In this cinematic labor of love from "Godfather" and "Apocalypse Now" director Francis Ford Coppola, actor Martin Landau (who won a Golden Globe and earned an Oscar nomination for his incredible performance in this film) confesses to his costar Jeff Bridges that he only became his automotive business partner to make money--and then he adds, "But, Tucker, how could I have ever known that in the end I'd actually wind up CATCHING YOUR DREAM?!"
And the real life businessman Landau was playing in this film, Abe Karatz, wasn't the only one who caught Preston Tucker's futuristic dream that year; investors from all over the country put down their hard earned money to purchase dealerships, while would-be customers put their names down on long waiting lists--all for a machine that didn't even exist yet. You see, all of them had caught Preston Tucker's wonderfully contagious dream too.
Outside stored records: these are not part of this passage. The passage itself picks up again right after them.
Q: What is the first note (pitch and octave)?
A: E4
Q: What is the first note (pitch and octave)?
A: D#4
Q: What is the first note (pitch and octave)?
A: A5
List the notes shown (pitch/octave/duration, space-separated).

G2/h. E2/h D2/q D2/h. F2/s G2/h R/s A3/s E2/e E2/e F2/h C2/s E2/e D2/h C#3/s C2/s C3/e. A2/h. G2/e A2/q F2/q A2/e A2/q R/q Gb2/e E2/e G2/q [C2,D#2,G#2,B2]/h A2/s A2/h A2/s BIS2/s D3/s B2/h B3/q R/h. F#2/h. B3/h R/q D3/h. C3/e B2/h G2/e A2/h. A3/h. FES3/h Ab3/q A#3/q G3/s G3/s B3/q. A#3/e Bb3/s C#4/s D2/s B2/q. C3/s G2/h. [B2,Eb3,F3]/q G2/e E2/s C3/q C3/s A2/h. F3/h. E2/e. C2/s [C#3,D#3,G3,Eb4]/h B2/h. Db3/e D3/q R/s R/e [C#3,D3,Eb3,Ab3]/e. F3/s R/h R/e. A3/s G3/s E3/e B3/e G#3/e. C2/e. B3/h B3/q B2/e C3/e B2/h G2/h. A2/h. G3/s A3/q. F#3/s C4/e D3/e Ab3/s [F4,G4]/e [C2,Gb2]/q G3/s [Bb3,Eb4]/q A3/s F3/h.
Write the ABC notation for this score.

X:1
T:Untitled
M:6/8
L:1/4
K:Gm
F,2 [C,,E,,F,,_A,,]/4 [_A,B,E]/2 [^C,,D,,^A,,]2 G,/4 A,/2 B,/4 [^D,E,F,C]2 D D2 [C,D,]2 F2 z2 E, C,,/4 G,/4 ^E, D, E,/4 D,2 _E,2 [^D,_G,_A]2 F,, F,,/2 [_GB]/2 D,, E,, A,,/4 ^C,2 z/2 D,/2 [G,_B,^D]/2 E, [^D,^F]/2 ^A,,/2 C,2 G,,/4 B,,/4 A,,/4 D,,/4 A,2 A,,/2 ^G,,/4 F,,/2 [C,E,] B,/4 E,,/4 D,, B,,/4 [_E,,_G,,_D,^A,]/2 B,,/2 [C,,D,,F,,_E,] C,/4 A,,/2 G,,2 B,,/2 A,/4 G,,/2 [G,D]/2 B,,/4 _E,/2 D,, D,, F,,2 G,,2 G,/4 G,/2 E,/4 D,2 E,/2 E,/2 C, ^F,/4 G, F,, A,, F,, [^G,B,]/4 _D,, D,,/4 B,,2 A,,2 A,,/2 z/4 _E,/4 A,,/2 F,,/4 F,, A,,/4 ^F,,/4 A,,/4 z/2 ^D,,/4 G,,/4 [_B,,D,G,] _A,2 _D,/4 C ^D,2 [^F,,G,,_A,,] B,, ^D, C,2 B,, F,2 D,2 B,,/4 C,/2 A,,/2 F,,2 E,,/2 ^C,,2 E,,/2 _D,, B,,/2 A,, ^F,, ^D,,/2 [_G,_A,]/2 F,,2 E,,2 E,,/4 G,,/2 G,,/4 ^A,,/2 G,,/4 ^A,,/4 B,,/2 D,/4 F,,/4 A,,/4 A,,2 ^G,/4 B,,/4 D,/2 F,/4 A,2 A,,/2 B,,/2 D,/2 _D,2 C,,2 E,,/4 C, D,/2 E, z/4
The setting of this amazing true story is America in the late 1940s. World War II was finally over and the country was at last returning to normal. Surveys said that what Americans wanted most was a new car, and Preston Tucker's perfectly in-sync dream was to change the then opposed-to-innovation American car industry permanently for the better by offering people a dramatically superior automobile--something unlike anything they had ever seen before.
Instead of delivering a car no different from those offered by Ford, Chrysler and GM that year, and the year before that, and the year before that--vehicles that were nothing but the same old cars wrapped up in new car bodies--Tucker dreamed of offering people something fundamentally different; he would give them the automobile of tomorrow, and he would give it to them then instead of all those decades into the future.
Tucker dreamed of building affordable cars that were as safe as they were sleek, beautiful, futuristic, technologically advanced and reliable. He wanted to equip his cars of tomorrow with what were then cutting edge innovations the Detroit car industry didn't yet offer, many of which are now commonplace on the cars we drive today--and a few of which are still uncommon even after seven decades have passed.
From it's rear engine to it's third headlight (which shined around corners during turns), his car would be nothing like the repackaged, ten years outdated 1930s technology Detroit was palming off on people as the newest and the greatest. The Tucker automobile would be many, many decades ahead of anything else that had ever existed before it--it would be the greatest car ever built!
Preston Tucker went ahead and actually built one of his futuristic dream cars, too--and when it was shown to the world it was a truly beautiful thing to behold. People who saw it fell instantly in love with the Tucker while Preston Tucker himself was busily gearing up for mass-production of his incredible automobile.
But, big-business Detroit didn't want to have to spend millions just to keep up with such highly advanced competition, so they decided instead that it would be much simpler to crush Tucker and his fledgling car business--and to do it before they grew too strong to be eliminated.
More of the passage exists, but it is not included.